Para que nuestra palabra pueda tener valor, es el otro quien da ese valor. Tener voz significa poder tener un lugar desde el cual poder hablar. Una filósofa, Hanna Arendt, nos cuenta: antiguamente (en Grecia), para poder hablar como ciudadanos, es decir, para poder participar de lo político, las personas tenían que tener un lugar privado desde el cual poder hablar: tener una casa que era considerada como propia. Esto de la propiedad privada en este tiempo no está referido a la propiedad privada como hoy lo entendemos, desde el neoliberalismo, una casa comprada que es mía. Ella se refiere a un espacio que es privado e inviolable: un lugar privado, sentido como propio. Entonces, en ese tiempo, se respetaban las casas ajenas no porque esto significara meterse en un territorio que otro había comprado, sino que significaba violar la intimidad del otro y por lo tanto quitarle el lugar que a esa persona le permitía poder hablar y participar de lo político. Me parece muy interesante esta concepción, pues supone que las personas son libres y pueden hablar –es decir, participar de lo político- mientras tengan un lugar desde el cual enunciar. Una violación a lo privado es para Arendt una violación a algo fundamental del ser humano.

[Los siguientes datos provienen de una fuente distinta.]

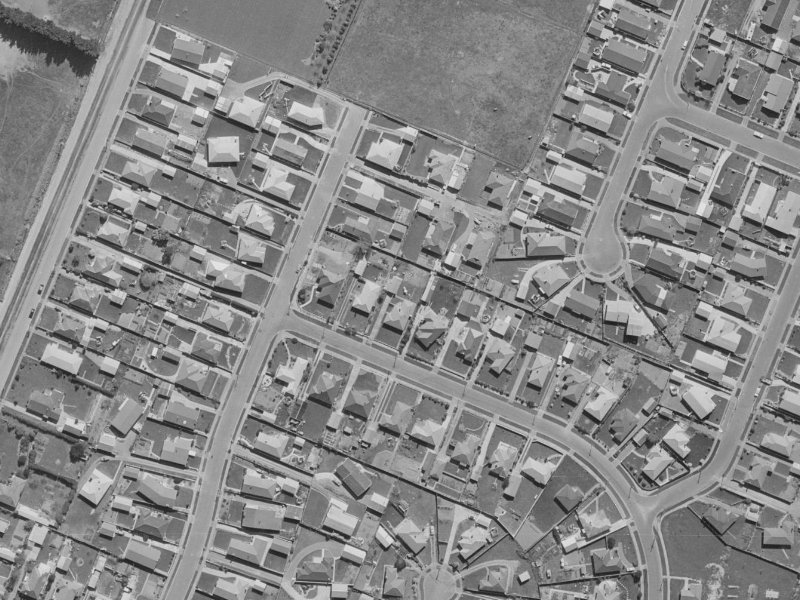 40 Pinehurst Crescent from the air, 1970-1974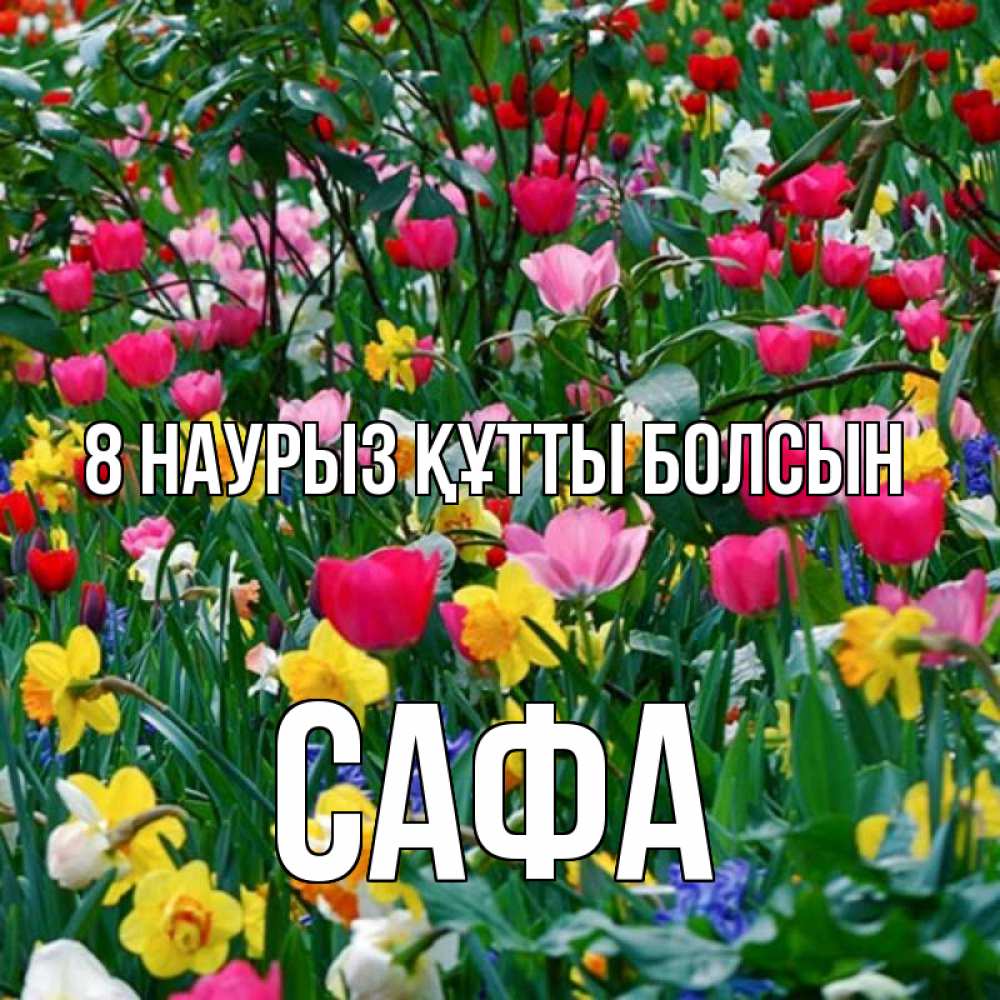 Күн сайын ашық хат с именем, САФА 8 наурыз құтты болсын с международным женским днем поздравления для женщины Онлайн тегін жүктеп алу тілектері бар керемет карта 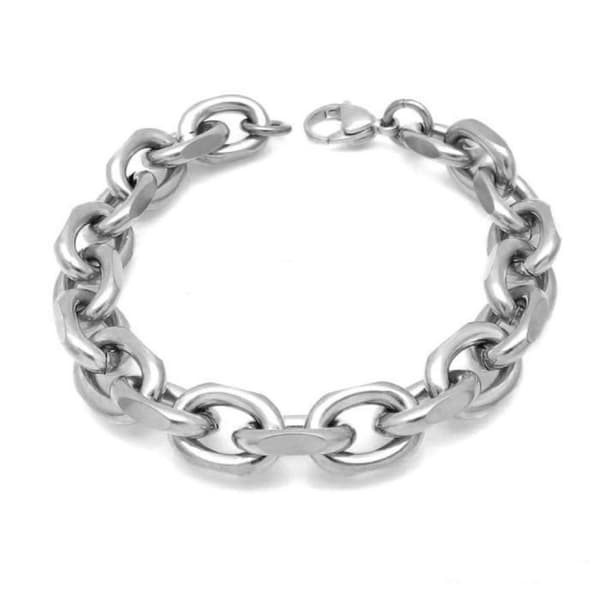 Ankarlänk halsband /Armband i Rostfritt Stål som håller färgen livet ut 10mm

Tal vez el funcionamiento del sistema de salud mental no ha sido lo suficientemente pensado para que la palabra de los padres y madres pueda tener lugar y valor. En muchas instituciones de salud, los padres y madres se sienten juzgados y tienen la impresión de que no los escuchan ni los ayudan. Algunas instituciones (escolares, médicas, entre otras), nos exigen detallados informes, sin tener en consideración que aquello que acontece dentro de una consulta clínica es tremendamente privado. En muchas oportunidades ocurre que los niños y niñas muestran su malestar dentro del colegio, y como sus profesores se sienten sobrepasados e incapaces de ayudarles (entre otras cosas por la gran sobrecarga de trabajo que tienen), mandan a llamar a sus apoderados y se “enojan” con ellos. Me ha tocado ver relaciones muy conflictivas entre profesores y apoderados, y esto los niños y niñas lo perciben.

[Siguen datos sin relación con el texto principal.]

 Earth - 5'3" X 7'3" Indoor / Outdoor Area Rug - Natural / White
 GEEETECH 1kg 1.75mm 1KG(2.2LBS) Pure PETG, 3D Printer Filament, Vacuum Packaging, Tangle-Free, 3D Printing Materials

Una psicoanalista francesa, Caroline Eliacheff, señala: “no es posible respetar a un niño si no se respeta a sus padres, de los cuales ha surgido”. Esto no quiere decir validar todo lo que hacen los padres y madres. Quiere decir: no devaluarlos, porque si los devaluamos entones devaluamos al niño mismo. Quiere decir: establecer alianzas entre los adultos, para que los niños y niñas sepan que pueden confiar en ellos.

El trabajo que realizamos en Infancia y Familia está orientado desde una ética de la escucha y el acompañamiento. Pensamos que es el reconocimiento del dolor del otro y el respeto por cada uno de nuestros pacientes, lo que abre la posibilidad de brindar apoyo y ayuda.